Le poids des traditions face aux débats sociétaux
La chasse à courre, la vénerie sous terre, les chasses traditionnelles sont autant de pratiques qui divisent l’opinion. Chaque année, des recours juridiques menacent certaines techniques, parfois déclarées contraires aux directives européennes. Et pourtant, le président Macron prend soin de ne pas heurter trop violemment le monde cynégétique, préférant des moratoires temporaires ou des réaménagements progressifs.
Jacques Monin interprète cette prudence comme un calcul électoral autant qu’un respect du pluralisme culturel : « Emmanuel Macron sait que le rapport à la nature varie selon les territoires. Il ne veut pas en faire un clivage gauche-droite, mais une concertation apaisée. »
Une stratégie efficace, mais critiquée
Les associations écologistes et les mouvements animalistes dénoncent depuis plusieurs années la complaisance de l’État envers la chasse. Ils pointent du doigt des arbitrages politiques en faveur des chasseurs, notamment sur les dates d’ouverture et de fermeture, la destruction d’espèces classées ESOD, ou encore la chasse aux oiseaux migrateurs.
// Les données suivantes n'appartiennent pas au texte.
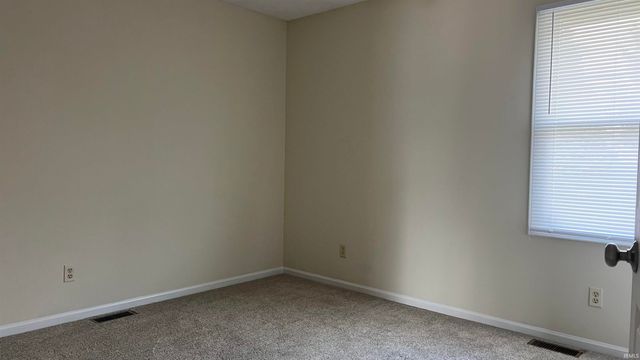 5404 W Wedgewood Lane, Muncie, IN 47304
Pour ces organisations, la chasse est une pratique archaïque, parfois dangereuse, souvent contraire à une vision moderne de la nature. Jacques Monin, dans son travail d’investigation, montre bien cette tension permanente : le président tente d’arbitrer entre deux France, celle qui chasse et celle qui conteste la chasse.
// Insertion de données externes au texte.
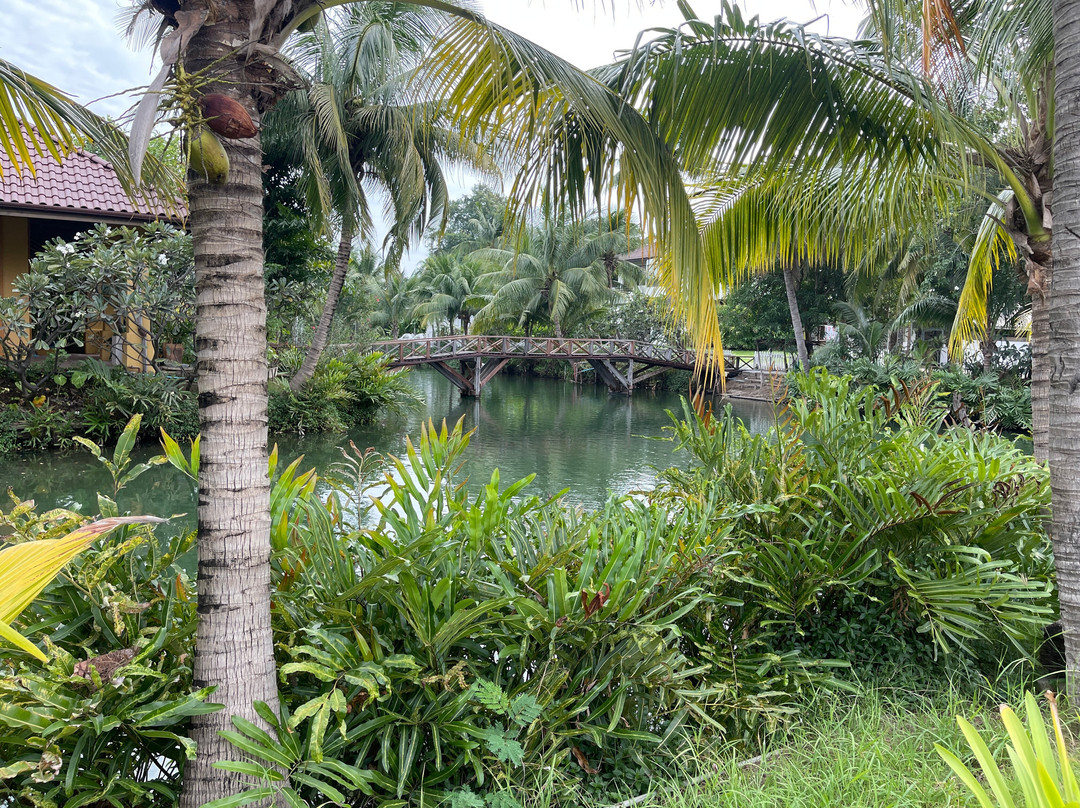 班泰屋度假村主图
2027 : un électorat à ne pas négliger ?
À l’approche de l’élection présidentielle de 2027, la voix des chasseurs demeure influente. Bien que non majoritaire, elle est mobilisée, stratégiquement implantée, et capable de faire basculer des votes dans certaines régions. Emmanuel Macron ne pouvant pas se représenter, son héritier ou dauphin politique pourrait capitaliser sur cette base électorale construite depuis 2017.
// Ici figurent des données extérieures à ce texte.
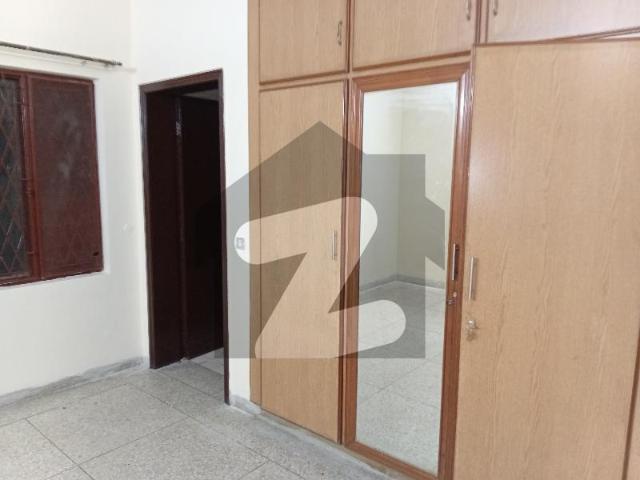 10 Marla House For Rent In Allama Iqbal Town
En conclusion de son enquête, Jacques Monin ne donne pas de jugement. Il pose simplement la question : courtiser les chasseurs est-ce une stratégie électorale cynique ou un pont vers la réconciliation avec les territoires ruraux ? Les faits, eux, sont clairs : jamais un président n’a autant dialogué avec le monde de la chasse. Pour autant, il aura permis le dialogue et en même temps il aura placé des ministres très anti-chasse à l’écologie. Le « en même temps » caractéristique de la macronie!